"She's a crook!"
Yup. I get this practically every time I log on Facebook or walk into a family party. Whether it’s directed at me or just in general, my family typically hates Hillary.
Growing up in a politically conservative county, I grew up on the notion that Obama is probably the anti-christ and that life is being taxed out of people. When I left home to attend school in Washington, D.C., I started my personal education about politics. I soon realized that I was being fed lies. Soon enough, I developed opinions that couldn’t stomach the ones of my childhood.

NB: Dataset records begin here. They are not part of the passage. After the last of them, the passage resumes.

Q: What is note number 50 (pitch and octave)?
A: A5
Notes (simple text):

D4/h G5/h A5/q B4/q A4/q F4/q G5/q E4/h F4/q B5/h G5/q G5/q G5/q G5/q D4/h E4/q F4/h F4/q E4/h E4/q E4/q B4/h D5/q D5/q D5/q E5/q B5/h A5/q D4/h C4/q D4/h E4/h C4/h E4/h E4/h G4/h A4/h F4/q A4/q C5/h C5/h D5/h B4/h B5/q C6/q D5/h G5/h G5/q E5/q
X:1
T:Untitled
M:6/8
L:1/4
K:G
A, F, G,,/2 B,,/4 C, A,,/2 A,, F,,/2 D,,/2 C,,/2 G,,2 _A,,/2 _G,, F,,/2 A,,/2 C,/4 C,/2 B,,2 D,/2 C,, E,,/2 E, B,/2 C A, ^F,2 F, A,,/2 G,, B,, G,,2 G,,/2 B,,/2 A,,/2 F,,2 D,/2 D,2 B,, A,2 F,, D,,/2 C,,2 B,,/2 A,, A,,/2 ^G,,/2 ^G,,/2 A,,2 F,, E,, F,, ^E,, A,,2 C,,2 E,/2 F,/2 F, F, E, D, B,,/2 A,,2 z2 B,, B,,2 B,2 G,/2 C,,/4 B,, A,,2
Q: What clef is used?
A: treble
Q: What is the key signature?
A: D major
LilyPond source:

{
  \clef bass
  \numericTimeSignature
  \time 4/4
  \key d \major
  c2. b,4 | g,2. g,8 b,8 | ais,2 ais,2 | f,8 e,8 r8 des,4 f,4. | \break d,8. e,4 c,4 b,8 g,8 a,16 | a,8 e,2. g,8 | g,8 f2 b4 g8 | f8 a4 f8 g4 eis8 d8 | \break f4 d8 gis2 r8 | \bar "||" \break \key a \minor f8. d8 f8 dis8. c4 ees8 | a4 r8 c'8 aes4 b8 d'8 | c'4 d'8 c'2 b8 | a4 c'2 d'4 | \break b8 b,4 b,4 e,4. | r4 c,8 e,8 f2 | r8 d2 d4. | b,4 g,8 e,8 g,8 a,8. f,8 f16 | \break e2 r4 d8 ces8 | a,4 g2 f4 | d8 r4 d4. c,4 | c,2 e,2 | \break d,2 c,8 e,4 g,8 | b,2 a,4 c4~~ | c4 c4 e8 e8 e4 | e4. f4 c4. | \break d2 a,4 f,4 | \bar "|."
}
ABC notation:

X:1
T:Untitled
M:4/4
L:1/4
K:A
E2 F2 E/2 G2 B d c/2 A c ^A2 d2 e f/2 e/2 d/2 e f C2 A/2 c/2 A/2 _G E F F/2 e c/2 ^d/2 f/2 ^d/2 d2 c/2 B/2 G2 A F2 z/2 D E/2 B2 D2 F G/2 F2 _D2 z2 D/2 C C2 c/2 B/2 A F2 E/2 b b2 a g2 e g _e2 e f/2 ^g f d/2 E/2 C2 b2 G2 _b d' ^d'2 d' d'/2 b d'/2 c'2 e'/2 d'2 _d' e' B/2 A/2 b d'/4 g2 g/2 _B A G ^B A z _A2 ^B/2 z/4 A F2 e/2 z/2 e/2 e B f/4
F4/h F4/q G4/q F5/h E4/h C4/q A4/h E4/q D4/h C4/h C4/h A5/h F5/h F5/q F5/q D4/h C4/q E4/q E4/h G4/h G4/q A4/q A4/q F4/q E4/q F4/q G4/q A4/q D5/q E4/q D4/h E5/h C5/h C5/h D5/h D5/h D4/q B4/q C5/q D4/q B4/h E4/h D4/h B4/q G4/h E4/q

Nonetheless, I had to go home at some point. After my parents tried to talk me out of registering as a democrat, they realized I actually knew what I was talking about. They learned to respect our differences, to an extent. My extended family and older friends back home are another story.
So, here’s how to live when you’re living as a liberal in a conservative household and/or community.
- Don’t try to convince your grandparents that Trump is Satan. Once they bought his buttons, it’s pretty much all over.
- If they try to bait you, avoid it. If someone is trying to push your buttons, they don’t want to engage in an intellectual conversation that is capable of changing their opinions, they just want to yell at you.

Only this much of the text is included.